Segment Open
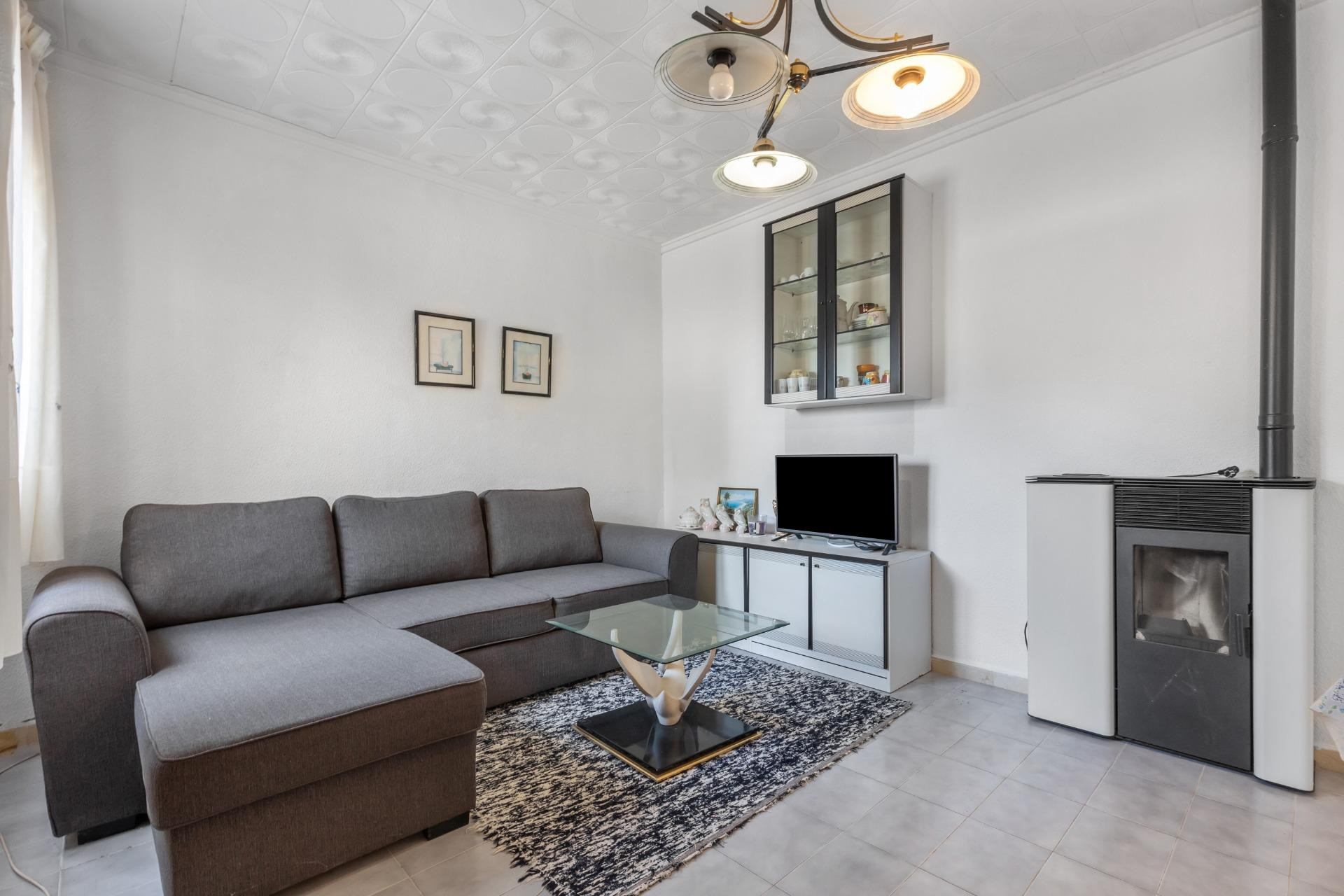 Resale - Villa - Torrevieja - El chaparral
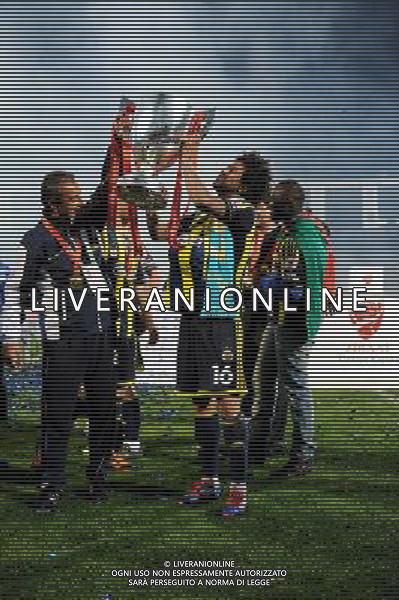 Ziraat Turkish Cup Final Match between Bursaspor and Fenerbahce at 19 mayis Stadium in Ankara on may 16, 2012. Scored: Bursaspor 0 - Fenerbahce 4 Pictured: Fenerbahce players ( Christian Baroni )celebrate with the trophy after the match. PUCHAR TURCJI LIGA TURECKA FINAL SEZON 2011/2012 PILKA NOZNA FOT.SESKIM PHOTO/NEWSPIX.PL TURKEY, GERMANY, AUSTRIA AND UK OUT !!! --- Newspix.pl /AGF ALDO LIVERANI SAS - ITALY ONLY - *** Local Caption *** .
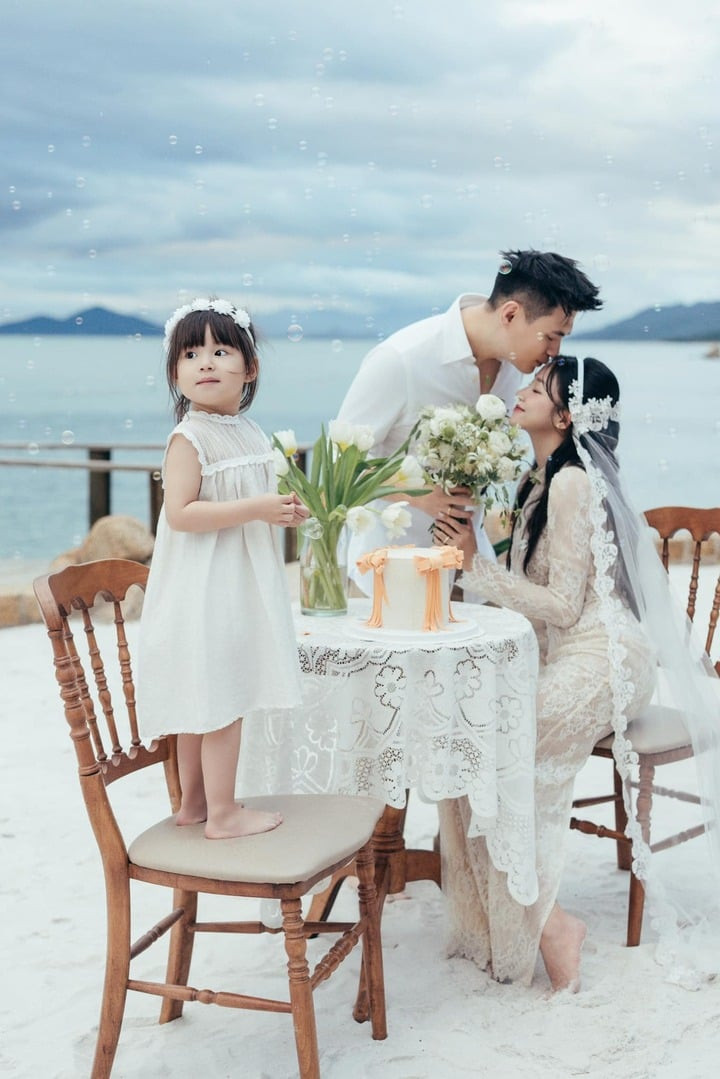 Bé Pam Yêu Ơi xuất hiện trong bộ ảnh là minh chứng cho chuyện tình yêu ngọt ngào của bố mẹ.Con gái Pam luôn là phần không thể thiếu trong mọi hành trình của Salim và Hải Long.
Segment Closed
Leaving the pictures aside, write out only the lines from the one containing "Ziraat Turkish Cup" through the end of the material, exactly as they stand.

**WRITTEN REPLY:**
 Ziraat Turkish Cup Final Match between Bursaspor and Fenerbahce at 19 mayis Stadium in Ankara on may 16, 2012. Scored: Bursaspor 0 - Fenerbahce 4 Pictured: Fenerbahce players ( Christian Baroni )celebrate with the trophy after the match. PUCHAR TURCJI LIGA TURECKA FINAL SEZON 2011/2012 PILKA NOZNA FOT.SESKIM PHOTO/NEWSPIX.PL TURKEY, GERMANY, AUSTRIA AND UK OUT !!! --- Newspix.pl /AGF ALDO LIVERANI SAS - ITALY ONLY - *** Local Caption *** .
 Bé Pam Yêu Ơi xuất hiện trong bộ ảnh là minh chứng cho chuyện tình yêu ngọt ngào của bố mẹ.Con gái Pam luôn là phần không thể thiếu trong mọi hành trình của Salim và Hải Long.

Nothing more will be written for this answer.